Less than a week before the
election, Supreme Leader Ali Khamenei issued a statement practically begging
Iranians to vote regardless of their political views. But by phrasing his call
in terms of “maintaining the regime’s authority,” he effectively added to the
incentive for a boycott by all those rejecting that authority.
Contrary to the usual regime
propaganda about large voter turnout, Iranians stayed away, rejecting choice
between the white and the black turban. In doing so, they expressed more than
just general frustration with a political system in which both factions act
against the interests of the people. They also exhibited support for the
alternatives to those factions – alternatives that have enough social capital
and public support to organize a boycott, yet are barred from participating in
elections or, in many cases, from even speaking publicly about their secular,
democratic platforms.
Support for opposition
organizations like the National Council of Resistance of Iran (NCRI) and
the MEK seems to be on the rise.
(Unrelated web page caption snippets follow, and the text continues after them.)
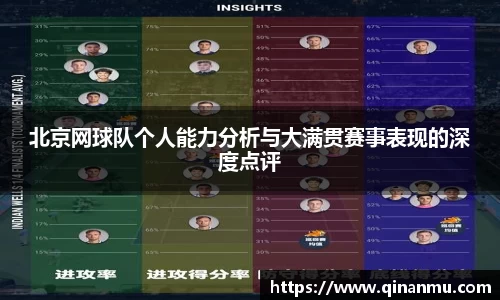 金年会jinnianhui首页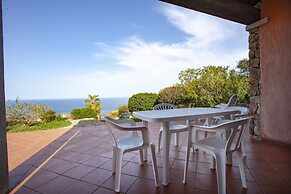 SVS - Isuledda Villas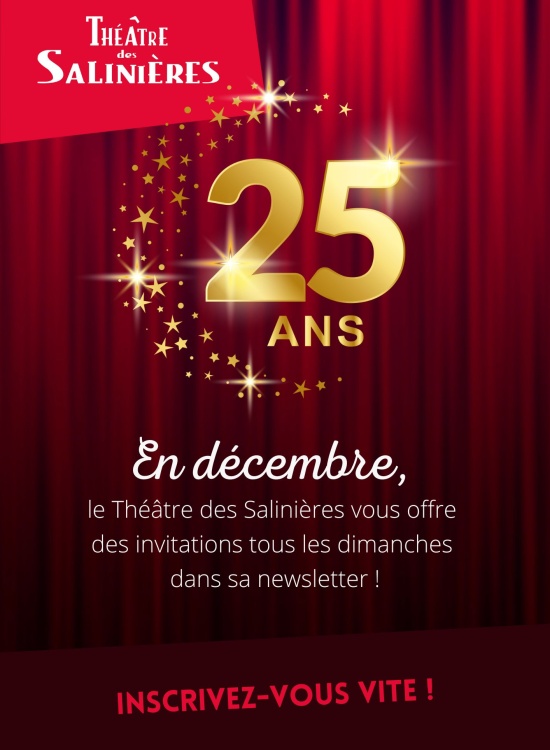 Image du modal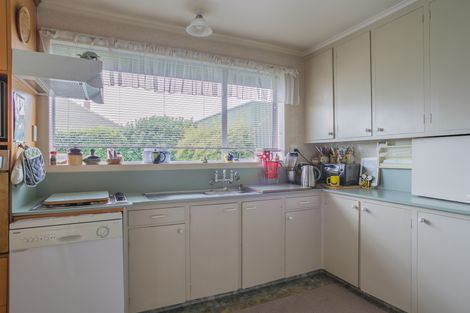 Photo of property in 227 Church Street, West End, Timaru, 7910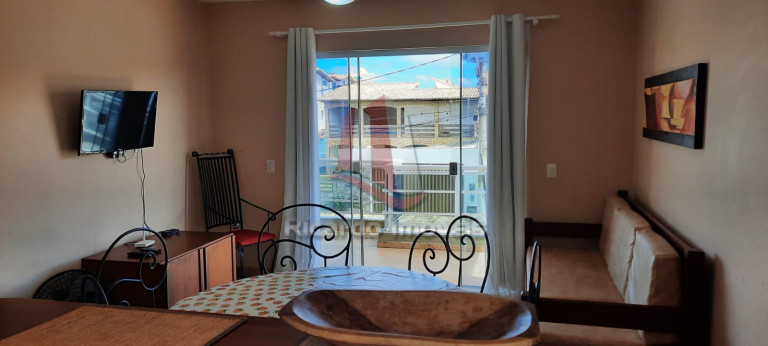 Imagem Imóvel com 2 Quartos à Venda, 70 m² em Peró - Cabo Frio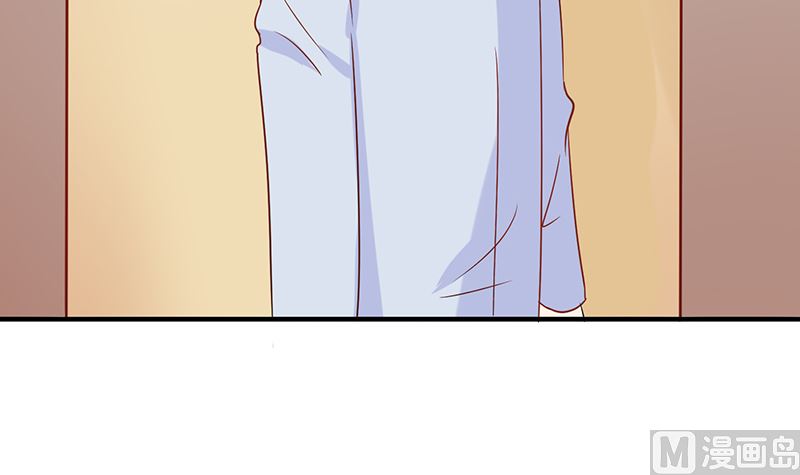 第47话 萌萌！姐来了！45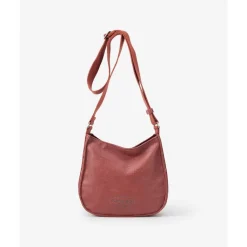 Cross Bag Slang Flip Again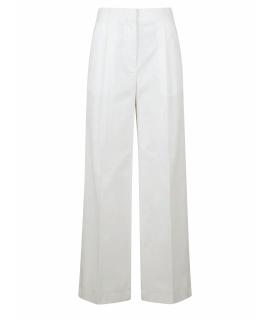 EMPORIO ARMANI Брюки широкие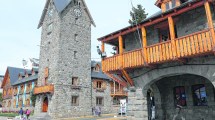 Imagen de El Municipio de Bariloche trata de saldar su  vieja deuda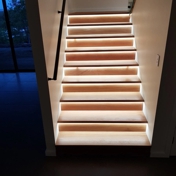 Gallery Image Number 4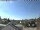 Webcam in Munich, 3 mi away
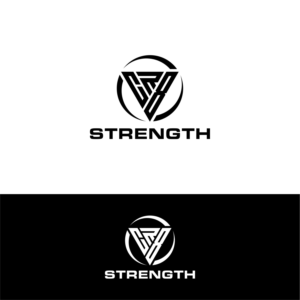 Logo Design by Youth_Design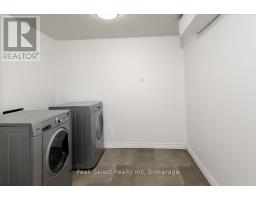 165 THOMAS STREET - 30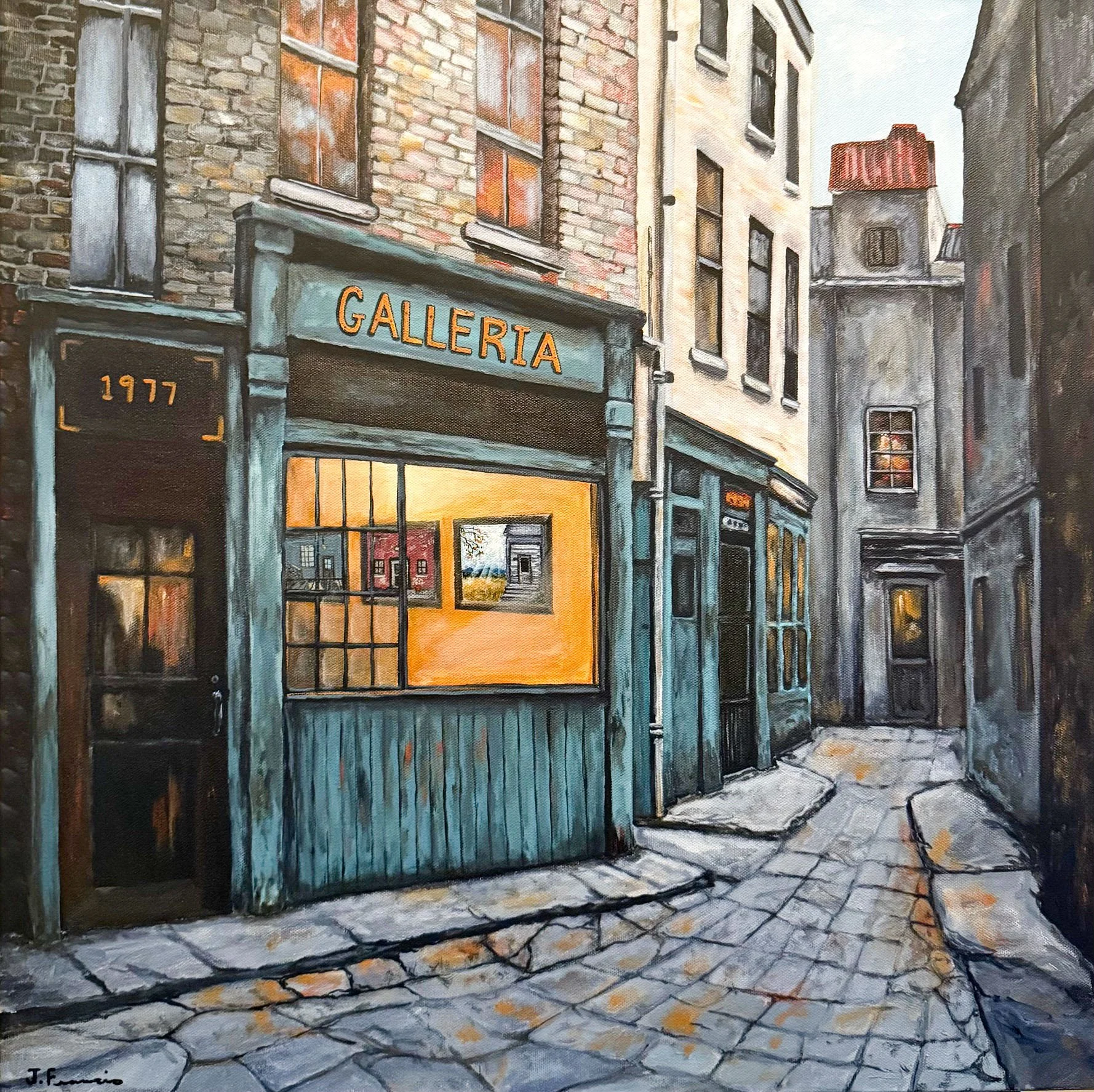 1977 ASHCROFT ALLEY.jpg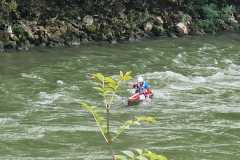 IMG-20250924-WA0011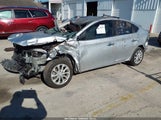 NISSAN SENTRA SV 3N1AB7AP1JY228750 снимка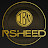 ibn_rsheed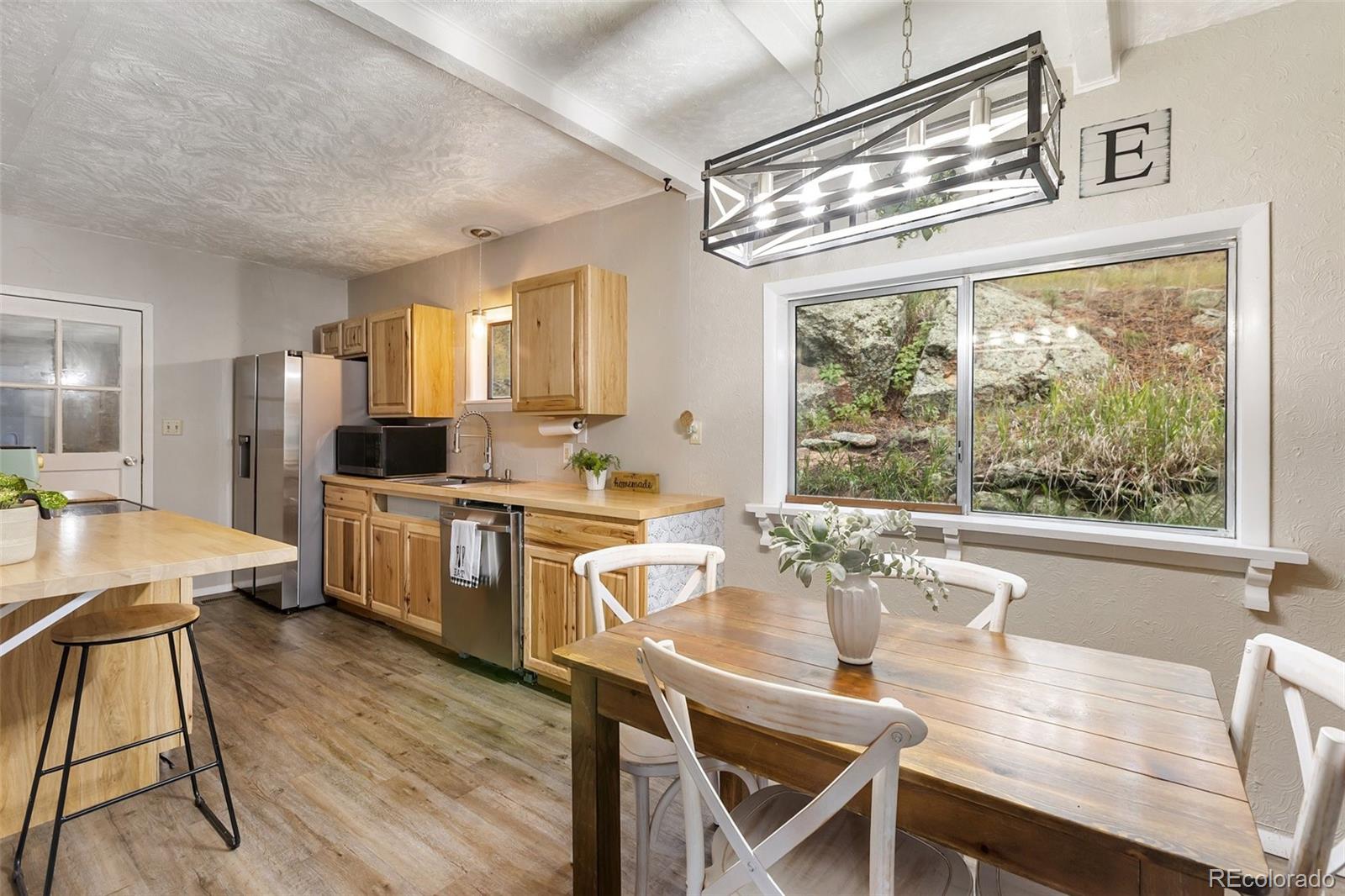 MLS Image #6 for 74  brook-by-way ,florissant, Colorado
For example, I and many of my colleagues on
both sides of the aisle are planning to attend an international convention in Paris, which is
expected to draw upwards of 100,000 Iranian expatriates from around the world
and will be broadcast live to millions of Iranians. Even though support for theMEK can be punished with a death sentence inside Iran (as was the case in the
brutal massacre of 1988), the willingness to take such a risk should tell us
something about how limited the options are for regime-sanctioned political
expression.
And it should also tell us how
fragile that regime is, and how effectively the international community can
encourage the democratic transformation of Iran by supporting the democratic
alternatives to the current regime. Time and again, the U.S. and its allies
have bought in to the moderate versus hardliner narrative, despite proof to the
contrary. This time, let’s get it right.